Het Wittebroodskind uitgebeeld in een lantaarnconsole in Utrecht aan de werf van de Lichte Gaard.

Het Wittebroodskind is een hoofdpersonage uit volksverhalen die gaan over de bouwgeschiedenis van de Mariakerk in Utrecht. De sage over het Wittebroodskind werd voor het eerst opgetekend in de middeleeuwen. Diverse varianten van het volksverhaal, alsook lokale gebouwen, verwijzen naar het Wittebroodskind. Deze beperken zich niet uitsluitend tot Utrecht maar spelen ook in andere plaatsen met hun lokale situatie. Met name het funderen op runderhuiden keert daarin regelmatig terug.[1] Een wittebroodskind is daarnaast ook een uitdrukking voor een verwend kind.
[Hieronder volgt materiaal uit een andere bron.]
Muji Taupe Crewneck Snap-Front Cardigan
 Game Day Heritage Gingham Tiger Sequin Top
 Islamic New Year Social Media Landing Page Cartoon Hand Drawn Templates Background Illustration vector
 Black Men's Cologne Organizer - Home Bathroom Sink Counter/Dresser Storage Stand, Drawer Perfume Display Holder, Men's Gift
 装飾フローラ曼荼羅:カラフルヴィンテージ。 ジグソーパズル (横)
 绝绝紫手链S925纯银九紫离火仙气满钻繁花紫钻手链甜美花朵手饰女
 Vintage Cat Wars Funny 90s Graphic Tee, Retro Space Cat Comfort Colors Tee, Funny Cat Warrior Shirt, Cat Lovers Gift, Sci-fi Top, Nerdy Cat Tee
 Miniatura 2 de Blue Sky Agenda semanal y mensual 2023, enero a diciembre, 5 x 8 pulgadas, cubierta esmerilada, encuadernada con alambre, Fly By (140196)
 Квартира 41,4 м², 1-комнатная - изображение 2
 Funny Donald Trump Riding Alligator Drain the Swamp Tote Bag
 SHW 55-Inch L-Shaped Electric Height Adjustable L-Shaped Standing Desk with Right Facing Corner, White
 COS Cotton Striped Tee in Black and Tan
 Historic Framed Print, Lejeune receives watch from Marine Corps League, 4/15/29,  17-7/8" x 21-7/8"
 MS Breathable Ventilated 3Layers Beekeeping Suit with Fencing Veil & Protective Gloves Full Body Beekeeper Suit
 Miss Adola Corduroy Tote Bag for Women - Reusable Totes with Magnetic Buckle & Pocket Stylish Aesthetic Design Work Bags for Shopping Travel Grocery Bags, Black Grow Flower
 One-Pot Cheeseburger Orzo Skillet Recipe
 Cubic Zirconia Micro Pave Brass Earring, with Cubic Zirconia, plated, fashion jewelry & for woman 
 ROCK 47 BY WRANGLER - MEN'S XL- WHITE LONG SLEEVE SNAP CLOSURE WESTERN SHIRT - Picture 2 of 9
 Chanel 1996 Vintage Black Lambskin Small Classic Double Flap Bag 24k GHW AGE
  1. Over het daadwerkelijk funderen in het verleden met runderhuiden liet de toenmalige Nederlandse minister van VROM Dekker in 2006 het volgende weten aan de Tweede Kamer:

    De veronderstelling dat vroeger op koeienhuiden werd gefundeerd moet ik overigens naar het rijk der fabelen verwijzen, hoewel dit soort verhalen net zo onuitroeibaar blijken te zijn als de verhalen over vermeende onderaardse gangen in burchten en kloosters. Ten eerste is er voorzover mij bekend in Nederland nog nooit een fundering van koeienhuid aangetroffen, terwijl deze huiden door het grondwater uitstekend geconserveerd hadden moeten zijn. In de tweede plaats komt in oude bouwverslagen de zinsnede voor dat de bouw «op huyden is begonnen» hetgeen in oud-Nederlands niets anders wil zeggen dan dat de bouw heden is aangevangen. Wel wil het geval dat in Amsterdam enkele panden bekend zijn die «op huyden» zijn gebouwd. Uit onderzoek blijkt dat hiervoor afgedankte scheepshuiden (scheepswanden) zijn gebruikt. De lange planken werden horizontaal neergelegd en een bouwwerk werd daarbovenop gemetseld. Verder bestaat er nog een apocrief verhaal van de hand van Jacob van Lennep, waarin verhaald wordt hoe de zoon van een Fries bouwmeester het geheim van de fundering van de Maria-kerk in Utrecht wordt ontfutseld, n.l. dat een wel in de bodem onder de kerk zou zijn volgestort met koeienhuiden. Enig feitelijk bewijs van deze «onthulling» is echter nimmer aangetroffen.

    Kamerstuk 29 392 Wijziging van de Woningwet en enkele andere wetten (verbetering naleving, handhaafbaarheid en handhaving bouwregelgeving), beantwoording vraag 3. Overheid.nl (23 januari 2006). Geraadpleegd op 16 september 2012.